┏━━
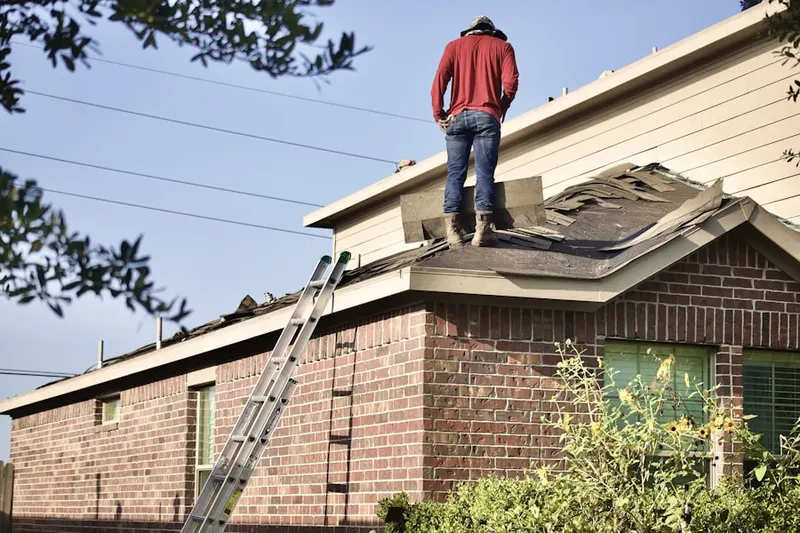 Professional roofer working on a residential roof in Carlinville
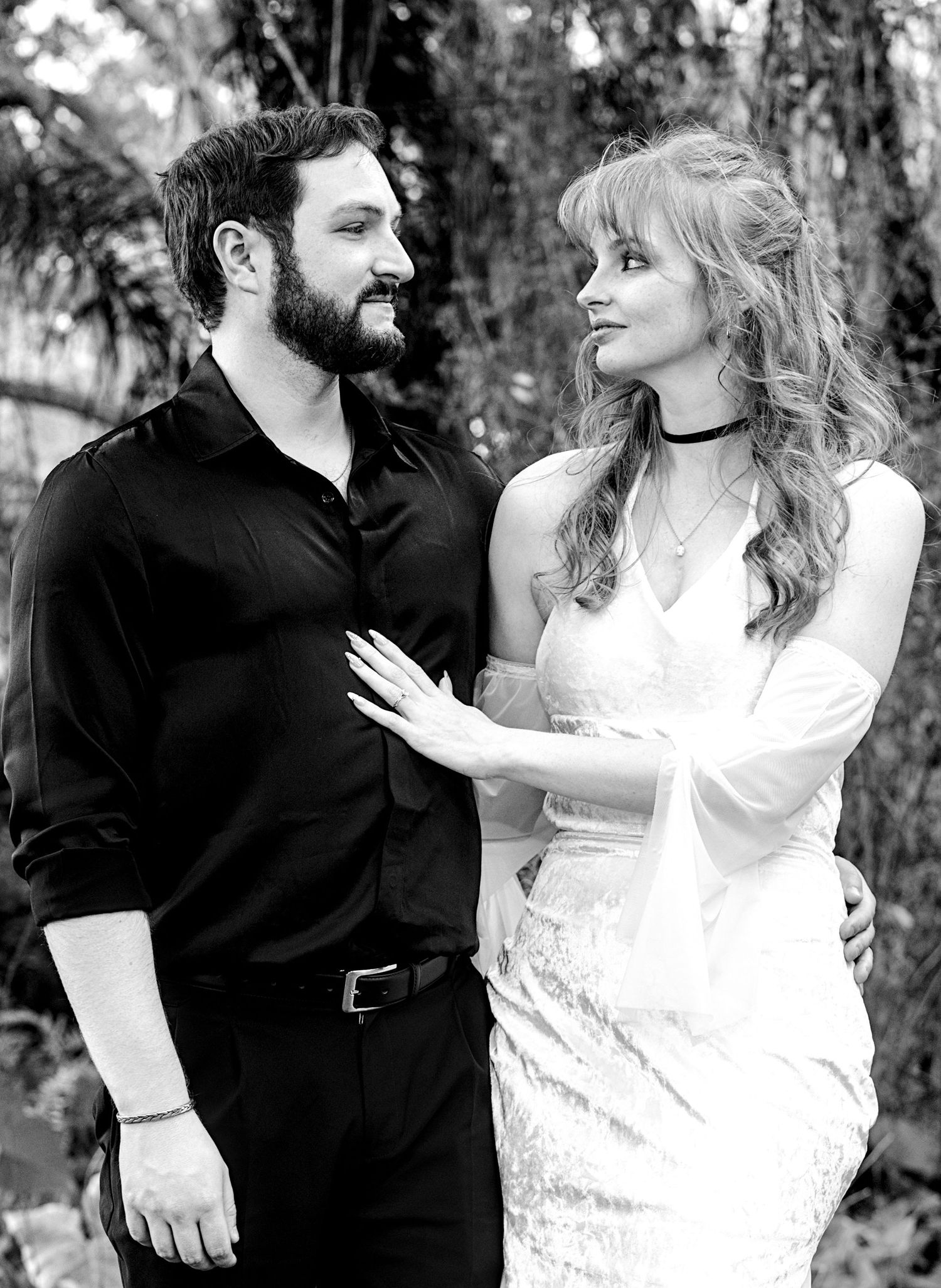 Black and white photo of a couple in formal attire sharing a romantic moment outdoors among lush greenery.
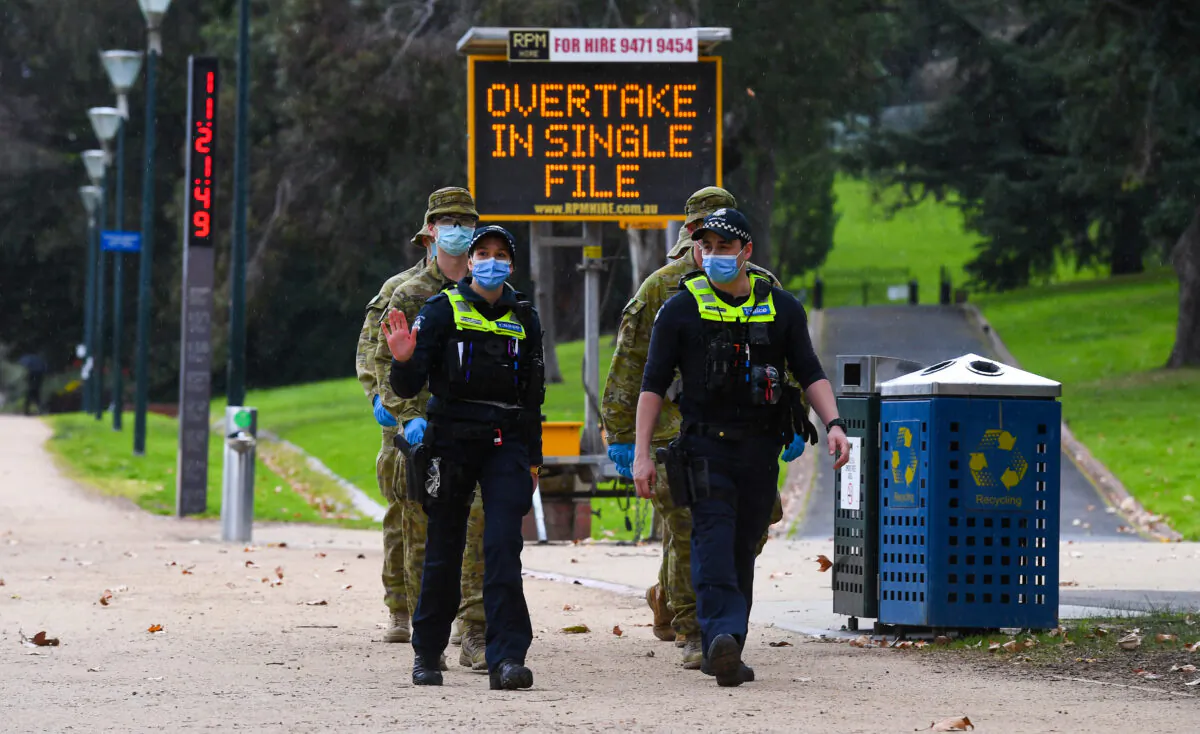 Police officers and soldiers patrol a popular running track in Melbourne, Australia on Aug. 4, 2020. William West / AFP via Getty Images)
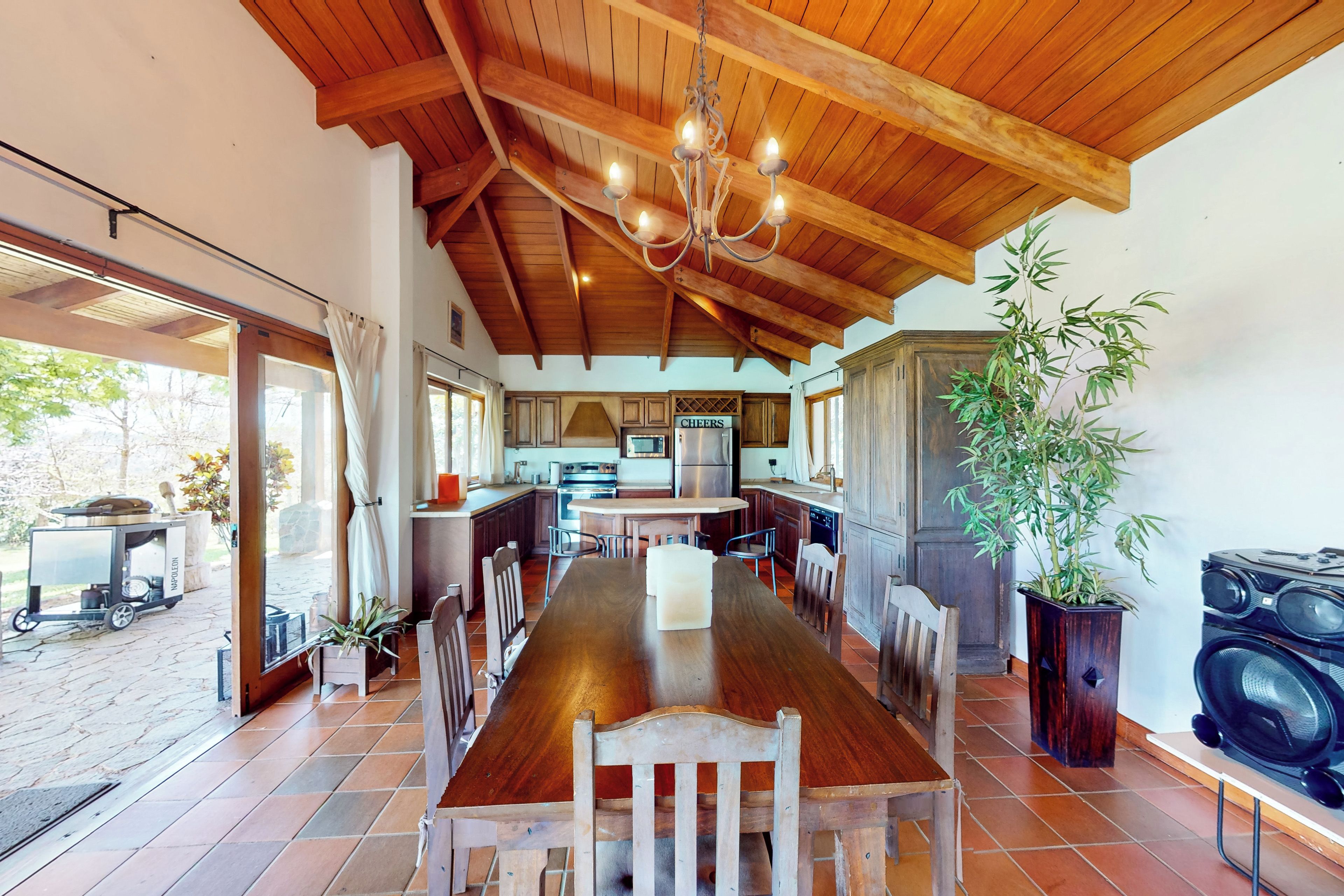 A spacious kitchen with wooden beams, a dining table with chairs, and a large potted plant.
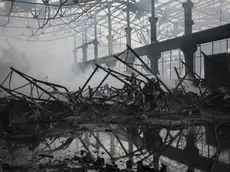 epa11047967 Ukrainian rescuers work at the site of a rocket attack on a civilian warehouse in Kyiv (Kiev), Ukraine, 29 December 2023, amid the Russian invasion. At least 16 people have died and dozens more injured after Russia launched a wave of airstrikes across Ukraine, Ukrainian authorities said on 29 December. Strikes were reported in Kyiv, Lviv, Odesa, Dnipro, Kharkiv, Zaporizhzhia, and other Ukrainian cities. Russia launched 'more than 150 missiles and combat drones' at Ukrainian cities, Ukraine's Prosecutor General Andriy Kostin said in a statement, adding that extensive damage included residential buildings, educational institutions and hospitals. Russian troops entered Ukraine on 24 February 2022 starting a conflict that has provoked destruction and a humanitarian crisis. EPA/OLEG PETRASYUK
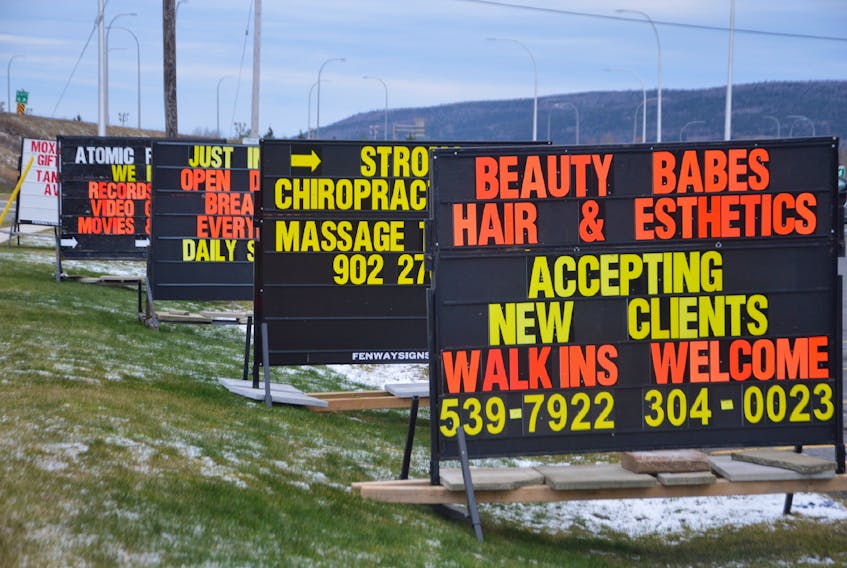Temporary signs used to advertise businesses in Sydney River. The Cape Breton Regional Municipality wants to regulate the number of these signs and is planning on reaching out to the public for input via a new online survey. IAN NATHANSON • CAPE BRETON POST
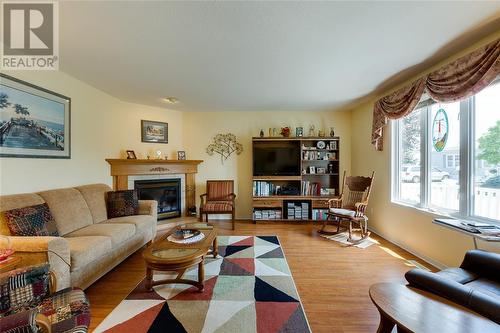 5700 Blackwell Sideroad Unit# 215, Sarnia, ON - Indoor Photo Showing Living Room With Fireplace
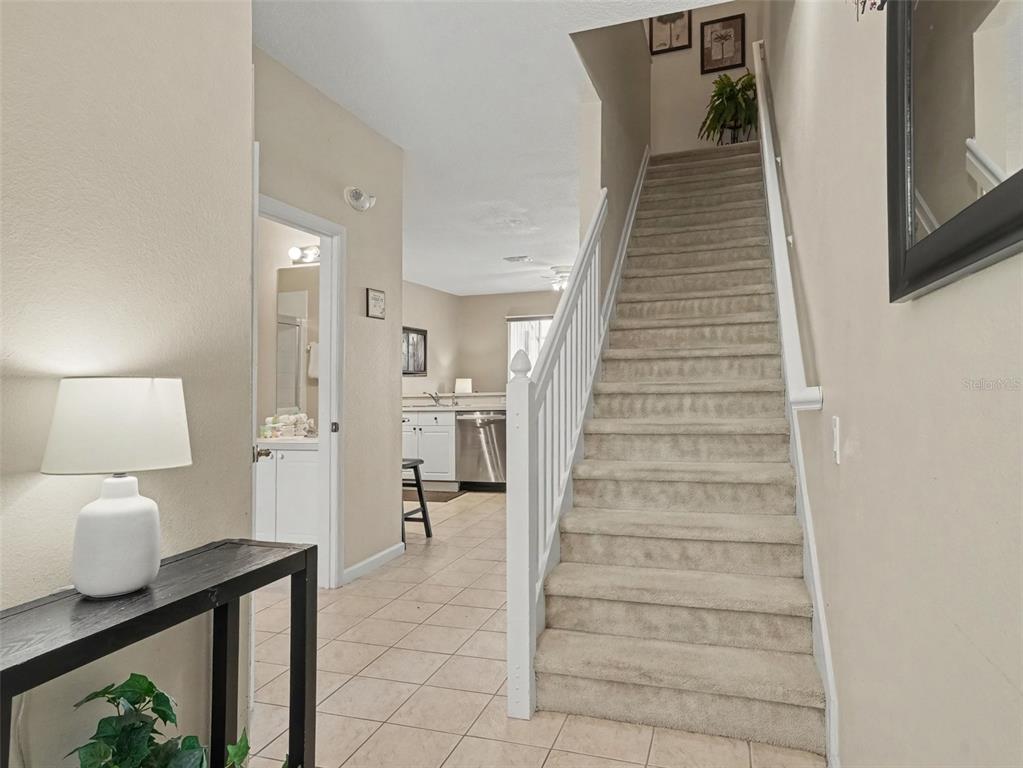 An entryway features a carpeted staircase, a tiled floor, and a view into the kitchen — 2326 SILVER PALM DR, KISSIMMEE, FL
┗━━
Pictures stay out; print everything else in the data exactly.

 Professional roofer working on a residential roof in Carlinville
 Black and white photo of a couple in formal attire sharing a romantic moment outdoors among lush greenery.
 Police officers and soldiers patrol a popular running track in Melbourne, Australia on Aug. 4, 2020. William West / AFP via Getty Images)
 A spacious kitchen with wooden beams, a dining table with chairs, and a large potted plant.
 epa11047967 Ukrainian rescuers work at the site of a rocket attack on a civilian warehouse in Kyiv (Kiev), Ukraine, 29 December 2023, amid the Russian invasion. At least 16 people have died and dozens more injured after Russia launched a wave of airstrikes across Ukraine, Ukrainian authorities said on 29 December. Strikes were reported in Kyiv, Lviv, Odesa, Dnipro, Kharkiv, Zaporizhzhia, and other Ukrainian cities. Russia launched 'more than 150 missiles and combat drones' at Ukrainian cities, Ukraine's Prosecutor General Andriy Kostin said in a statement, adding that extensive damage included residential buildings, educational institutions and hospitals. Russian troops entered Ukraine on 24 February 2022 starting a conflict that has provoked destruction and a humanitarian crisis. EPA/OLEG PETRASYUK
Temporary signs used to advertise businesses in Sydney River. The Cape Breton Regional Municipality wants to regulate the number of these signs and is planning on reaching out to the public for input via a new online survey. IAN NATHANSON • CAPE BRETON POST
 5700 Blackwell Sideroad Unit# 215, Sarnia, ON - Indoor Photo Showing Living Room With Fireplace
 An entryway features a carpeted staircase, a tiled floor, and a view into the kitchen — 2326 SILVER PALM DR, KISSIMMEE, FL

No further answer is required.